Cisco DevNet Nairobi DevOps Community Python Ansible Terraform Telemetry

👋 Welcome

To everyone joining from the Nairobi DevOps Community and beyond: welcome. This repository is your central hub for demos, code, and homework throughout the course. Whether you are a seasoned network engineer taking your first steps into programmability, or a developer stepping into the networking world, you are in the right place.

Glad to have you here. Let's build something real.


🤔 Why Code-Driven Networking Is Overdue

APIs, structured data, version-controlled configs, infrastructure as code. The tools have been here for years. Yet a large portion of the industry still reaches for the CLI first. The resistance comes down to three things:

1. 🤝 Trust in the code. Running a script against 200 routers feels riskier than typing a command, but that gap closes fast once you work with tools that are actually robust and idempotent.

2. 🧰 Knowledge of the right stack. There is a real difference between a fragile loop of send_command() calls and a production-grade solution built on Ansible, Terraform, or model-driven APIs. Knowing which tool fits which problem is the craft.

3. 🚀 A shift in roles. Automation does not replace the network engineer. It upgrades the job. Configuration becomes a codebase, changes go through review, and tools become part of a much bigger workflow.

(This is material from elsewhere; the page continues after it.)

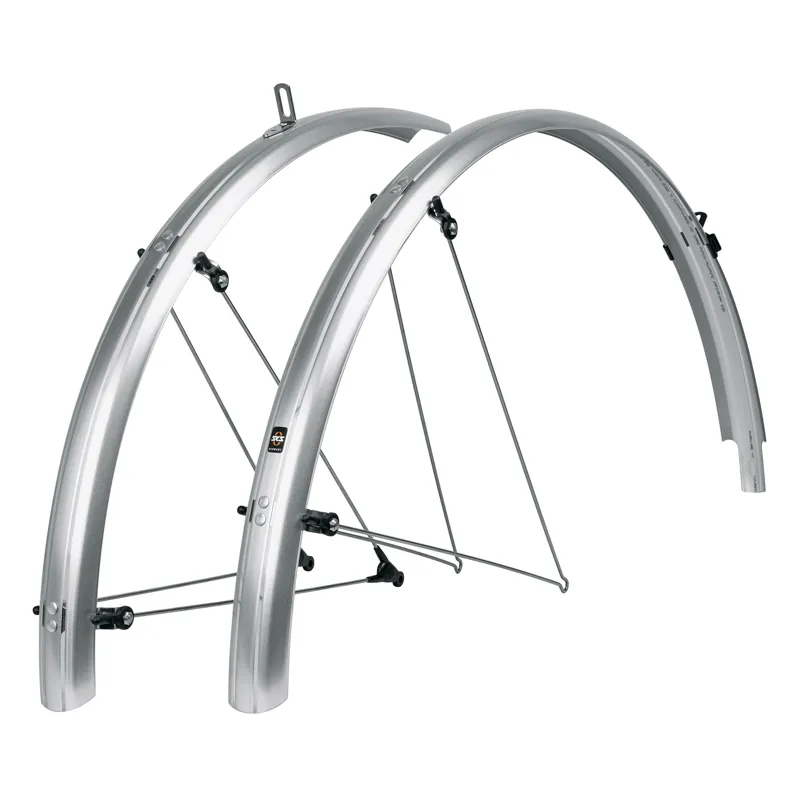 SKS Bluemels 28-inch Mudguard Set in Silver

🤖 A note on AI and vibe-coded automation

Yes, you can prompt an LLM to write your Ansible playbook today. That is genuinely useful. But in networking, a bad suggestion pushed to production can take down services in seconds. AI output is only as good as your prompt, your domain knowledge, and your ability to validate what comes back. The more you understand the underlying protocols and tooling, the better your prompts become, and the more safely you can use AI as an accelerator rather than a co-pilot flying blind. Knowing what to ask, and knowing how to verify the answer, is the core skill this course develops.


📅 Course Agenda

Date Session Topics
April 27 🔗 Foundations & Data Handling Python for network engineers, data formats (JSON, YAML, XML), parsing and templating, working with structured data
April 30 🔗 Network interaction and IaC principles Usage of the pyATS library for network read/write, CLI parsing, device snapshots and Ansible 101
May 4 🔗 Infrastructure & Automation Part 1 Introduction to OpenTofu, model-driven programmability concepts, NETCONF protocol
May 7 Infrastructure & Automation Part 2 API usage principles, RESTCONF protocol, streaming telemetry and observability

👋🏽 About your instructor

Tokyo Offices
!
username Alfonso-(Poncho)-Sandoval
!
role developer title "Developer Avocado 🥑"
organization "Cisco DevNet"
location "Lisbon 🇵🇹 "
!
interface LinkedIn0/0
 ip address linkedin.com/in/asandovalros
 no shutdown
!
interface GitHub0/1
 ip address github.com/ponchotitlan
 no shutdown
!
end
!

🚀 Getting Started

Clone this repository and keep it close throughout the course:

git clone https://github.com/ponchotitlan/code-is-the-new-cli.git
cd code-is-the-new-cli

Built with ☕ and a healthy frustration with manual CLI configs.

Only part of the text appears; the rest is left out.